I rated Lowe well enough to be an AB. Remember we were picking the likes of George Bridge above such players so theres no disputing a lot of bad decisions have been made by those last two coaches. Does a team like the ABs need a finicky winger who you have to adapt and change a lot of your style with to get benefit from? No, not really. But he still would have been a basic improvement on players like even Savea at the tail of his career, Bridge, and could even have converted into the answer of replacing Beauden at the back. Instead we persisted with NMS, Naholo, Havili, Reece, all players we would have cared even less about losing and all because Rieko had Lowe's number 11 jersey nailed down.


He was of course only 23 when he decided to leave, it was back in the beggining of the period they had started retaining players (from 2018 onwards I think, they came out saying theyre going to be more aggressive at some point). So he might, all of them, only just missed out.

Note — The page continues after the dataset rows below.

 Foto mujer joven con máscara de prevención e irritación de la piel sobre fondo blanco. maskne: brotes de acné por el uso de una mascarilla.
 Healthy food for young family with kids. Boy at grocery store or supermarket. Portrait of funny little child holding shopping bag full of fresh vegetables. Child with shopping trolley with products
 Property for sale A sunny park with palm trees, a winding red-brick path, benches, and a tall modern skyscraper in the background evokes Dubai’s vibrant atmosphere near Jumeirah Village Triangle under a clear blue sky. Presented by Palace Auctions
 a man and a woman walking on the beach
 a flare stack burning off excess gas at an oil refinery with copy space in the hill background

The main point that Ed made is that situations like Lowe's, Aki's, JGP's, aren't going to happen in future. That's a bit of a "NZ" only problem, because those players need to reach such a high standard to be chosen by the All Blacks, were as a country like Ireland wants them a lot earlier like that. This is basically the 'ready in 3 years' concept Ireland relied on, versus the '5 years and they've left' concept' were that player is now ready to be chosen by the All Blacks (given a contract to play Super, ala SBW, and hopefully Manu).


The 'mercenary' thing that will take longer to expire, and which I was referring to, is the grandparents rule. The new kids coming through now aren't going to have as many gp born overseas, so the amount of players that can leave with a prospect of International rugby offer are going to drop dramatically at some point. All these kiwi fellas playing for a PI, is going to stop sadly.


The new era problem that will replace those old concerns is now French and Japanese clubs (doing the same as NRL teams have done for decades by) picking kids out of school. The problem here is not so much a national identity one, than it is a farm system where 9 in 10 players are left with nothing. A stunted education and no support in a foreign country (well they'll get kicked out of those countries were they don't in Australia).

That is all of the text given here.